• _Exercise instructions_: Pictures stay out of the copy, and everything else in the data below is repeated exactly.

• _Available data_:

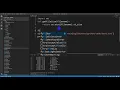 Get the file size of a file in Python
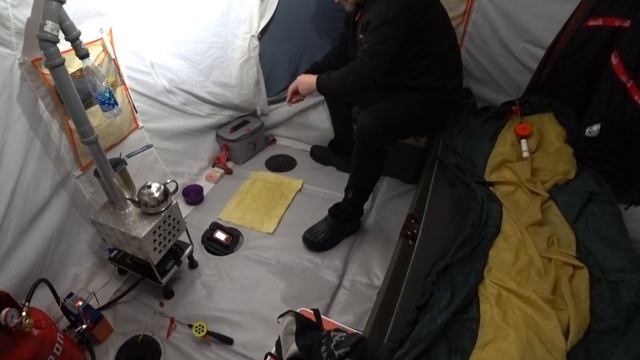 Шикарный клев Лещей !День 2-ой! Выкормил точку! Яузское ВДХР! Часть 2 смотреть онлайн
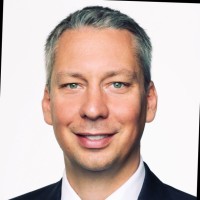 Robert Gulyas
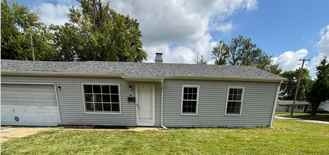 16 Westwood Dr - Photo 1 of 1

• _Exercise response_:
 Get the file size of a file in Python
 Шикарный клев Лещей !День 2-ой! Выкормил точку! Яузское ВДХР! Часть 2 смотреть онлайн
 Robert Gulyas
 16 Westwood Dr - Photo 1 of 1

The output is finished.